He made his way with the utmost caution down
the corridor. At the head of the stairs he paused and listened. Below
him, the hall where they had gathered was dark and still, but through
opened doors and windows on the far side of the building came the sound
of a great throng moving farther and farther into the distance.
He made his way down the creaking wooden stairs,
dreading yet longing to meet some straggler who should point the way,
but finding no one; across the dark hall, so lately thronged with
living, moving things, and out through the opened front doors into the
street. He could not believe that he was really left behind, really
forgotten, that he had been purposely permitted to escape. It perplexed
him.
Nervously he peered about him, and up and down the
street; then, seeing nothing, advanced slowly down the pavement.
The whole town, as he went, showed itself empty and deserted, as
though a great wind had blown everything alive out of it. The doors and
windows of the houses stood open to the night; nothing stirred;
moonlight and silence lay over all. The night lay about him like a
cloak. The air, soft and cool, caressed his cheek like the touch of a
great furry paw. He gained confidence and began to walk quickly, though
still keeping to the shadowed side. Nowhere could he discover the
faintest sign of the great unholy exodus he knew had just taken place.
The moon sailed high over all in a sky cloudless and serene.
Hardly realising where he was going, he crossed the open marketplace
and so came to the ramparts, whence he knew a pathway descended to the
high road and along which he could make good his escape to one of the
other little towns that lay to the northward, and so to the railway.
But first he paused and gazed out over the scene at
his feet where the great plain lay like a silver map of some dream
country. The still beauty of it entered his heart, increasing his sense
of bewilderment and unreality. No air stirred, the leaves of the plane
trees stood motionless, the near details were defined with the
sharpness of day against dark shadows, and in the distance the fields
and woods melted away into haze and shimmering mistiness.
But the breath caught in his throat and he stood
stockstill as though transfixed when his gaze passed from the horizon
and fell upon the near prospect in the depth of the valley at his feet.
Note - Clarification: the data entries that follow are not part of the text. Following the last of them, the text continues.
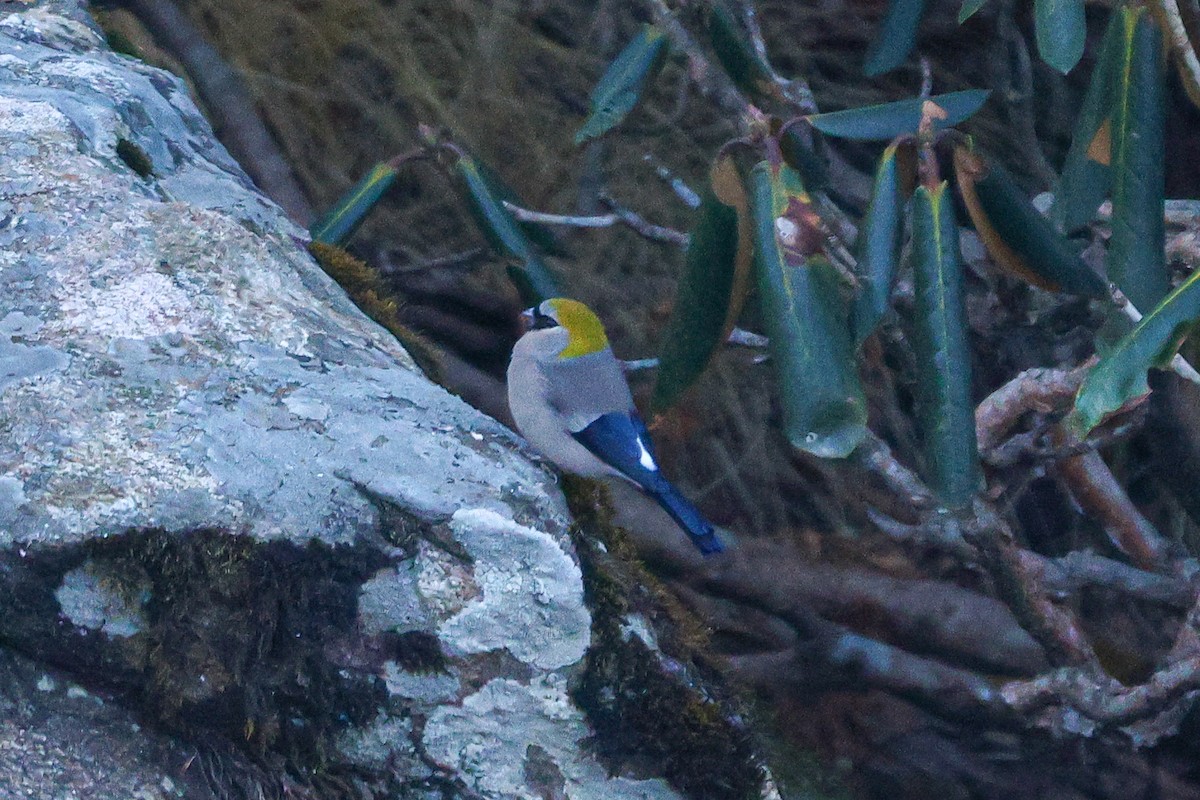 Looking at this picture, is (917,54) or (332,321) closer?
(332,321)

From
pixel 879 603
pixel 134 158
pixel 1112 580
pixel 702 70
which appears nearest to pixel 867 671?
pixel 879 603

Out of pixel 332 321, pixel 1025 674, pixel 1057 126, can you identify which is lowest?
pixel 1025 674

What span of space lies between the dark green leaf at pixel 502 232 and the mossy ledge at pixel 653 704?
914mm

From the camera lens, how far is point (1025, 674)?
114 inches

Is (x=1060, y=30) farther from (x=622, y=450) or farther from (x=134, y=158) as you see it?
(x=134, y=158)

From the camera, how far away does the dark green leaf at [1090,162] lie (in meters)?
1.76

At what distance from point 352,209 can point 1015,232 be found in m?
1.41

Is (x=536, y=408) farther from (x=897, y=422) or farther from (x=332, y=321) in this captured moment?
(x=897, y=422)

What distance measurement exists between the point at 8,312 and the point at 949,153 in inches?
57.8

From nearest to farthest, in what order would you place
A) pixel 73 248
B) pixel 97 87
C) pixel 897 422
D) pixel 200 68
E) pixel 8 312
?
pixel 8 312
pixel 73 248
pixel 97 87
pixel 897 422
pixel 200 68

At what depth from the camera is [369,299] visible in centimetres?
226

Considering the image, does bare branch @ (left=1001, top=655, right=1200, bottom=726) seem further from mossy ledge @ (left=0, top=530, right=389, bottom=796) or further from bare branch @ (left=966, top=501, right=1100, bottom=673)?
mossy ledge @ (left=0, top=530, right=389, bottom=796)

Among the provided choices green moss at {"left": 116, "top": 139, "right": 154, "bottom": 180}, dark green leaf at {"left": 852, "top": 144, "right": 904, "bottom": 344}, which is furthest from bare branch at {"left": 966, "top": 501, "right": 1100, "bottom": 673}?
green moss at {"left": 116, "top": 139, "right": 154, "bottom": 180}

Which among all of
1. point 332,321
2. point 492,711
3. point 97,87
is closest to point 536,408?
point 332,321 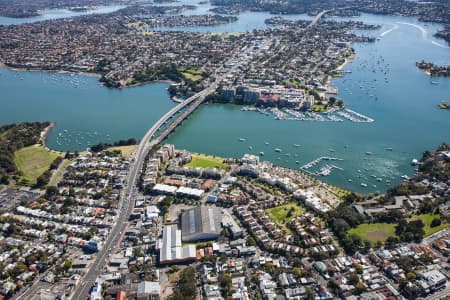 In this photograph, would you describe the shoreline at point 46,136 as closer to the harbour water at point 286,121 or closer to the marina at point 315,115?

The whole lower slopes of the hill, that lay hid from the brightness of
the moon, were aglow, and through the glare he saw countless moving
forms, shifting thick and fast between the openings of the trees; while
overhead, like leaves driven by the wind, he discerned flying shapes
that hovered darkly one moment against the sky and then settled down
with cries and weird singing through the branches into the region that
was aflame.
Spellbound, he stood and stared for a time that he
could not measure. And then, moved by one of the terrible impulses that
seemed to control the whole adventure, he climbed swiftly upon the top
of the broad coping, and balanced a moment where the valley gaped at
his feet. But in that very instant, as he stood hovering, a sudden
movement among the shadows of the houses caught his eye, and he turned
to see the outline of a large animal dart swiftly across the open space
behind him, and land with a flying leap upon the top of the wall a
little lower down. It ran like the wind to his feet and then rose up
beside him upon the ramparts. A shiver seemed to run through the
moonlight, and his sight trembled for a second. His heart pulsed
fearfully. Use stood beside him, peering into his face.
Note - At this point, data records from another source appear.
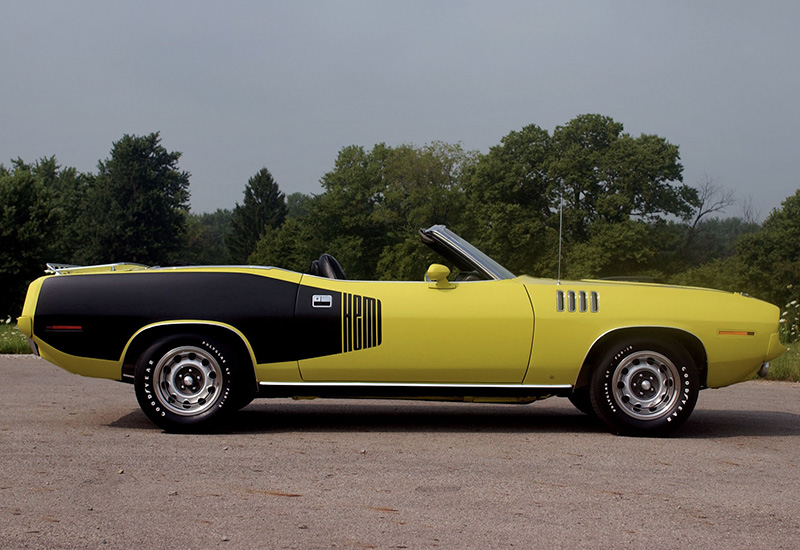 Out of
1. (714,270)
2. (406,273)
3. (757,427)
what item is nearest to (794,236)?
(714,270)

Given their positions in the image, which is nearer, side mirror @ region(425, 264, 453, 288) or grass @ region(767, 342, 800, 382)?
side mirror @ region(425, 264, 453, 288)

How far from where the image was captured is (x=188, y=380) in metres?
6.50

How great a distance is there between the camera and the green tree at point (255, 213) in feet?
371

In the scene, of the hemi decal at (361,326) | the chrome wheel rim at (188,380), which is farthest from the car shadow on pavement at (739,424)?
the chrome wheel rim at (188,380)

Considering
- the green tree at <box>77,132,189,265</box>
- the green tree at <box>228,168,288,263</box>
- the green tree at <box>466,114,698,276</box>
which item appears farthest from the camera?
the green tree at <box>228,168,288,263</box>

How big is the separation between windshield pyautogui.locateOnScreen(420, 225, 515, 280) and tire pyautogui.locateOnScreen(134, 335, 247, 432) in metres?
1.83

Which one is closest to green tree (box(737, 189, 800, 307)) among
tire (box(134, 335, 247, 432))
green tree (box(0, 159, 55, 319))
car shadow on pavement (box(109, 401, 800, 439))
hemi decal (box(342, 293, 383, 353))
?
green tree (box(0, 159, 55, 319))

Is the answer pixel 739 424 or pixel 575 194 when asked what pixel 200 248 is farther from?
pixel 739 424

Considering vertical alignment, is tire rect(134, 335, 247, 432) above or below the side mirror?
below

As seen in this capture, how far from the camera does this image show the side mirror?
6.52m

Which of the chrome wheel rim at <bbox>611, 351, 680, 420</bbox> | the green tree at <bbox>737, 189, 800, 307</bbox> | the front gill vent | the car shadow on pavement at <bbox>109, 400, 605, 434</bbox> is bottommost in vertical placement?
the car shadow on pavement at <bbox>109, 400, 605, 434</bbox>

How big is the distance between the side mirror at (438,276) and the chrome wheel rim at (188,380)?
168 cm

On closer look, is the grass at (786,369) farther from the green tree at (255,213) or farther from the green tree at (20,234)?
the green tree at (255,213)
Some dark substance, he saw, stained the girl’s face
and skin, shining in the moonlight as she stretched her hands towards
him; she was dressed in wretched tattered garments that yet became her
mightily; rue and vervain twined about her temples; her eyes glittered
with unholy light. He only just controlled the wild impulse to take her
in his arms and leap with her from their giddy perch into the valley
below.
“See!” she cried, pointing with an arm on which the rags fluttered
in the rising wind towards the forest aglow in the distance. “See where
they await us! The woods are alive! Already the Great Ones are there,
and the dance will soon begin! The salve is here! Anoint yourself and
come!”
Though a moment before the sky was clear and
cloudless, yet even while she spoke the face of the moon grew dark and
the wind began to toss in the crests of the plane trees at his feet.
Stray gusts brought the sounds of hoarse singing and crying from the
lower slopes of the hill, and the pungent odour he had already noticed
about the courtyard of the inn rose about him in the air.
“Transform, transform!” she cried again, her voice
rising like a song. “Rub well your skin before you fly. Come! Come with
me to the Sabbath, to the madness of its furious delight, to the sweet
abandonment of its evil worship! See! the Great Ones are there, and the
terrible Sacraments prepared. The Throne is occupied. Anoint and come!
Anoint and come!”
She grew to the height of a tree beside him, leaping
upon the wall with flaming eyes and hair strewn upon the night. He too
began to change swiftly. Her hands touched the skin of his face and
neck, streaking him with the burning salve that sent the old magic into
his blood with the power before which fades all that is good.
A wild roar came up to his ears from the heart of
the wood, and the girl, when she heard it, leaped upon the wall in the
frenzy of her wicked joy.
“Satan is there!” she screamed, rushing upon him and
striving to draw him with her to the edge of the wall.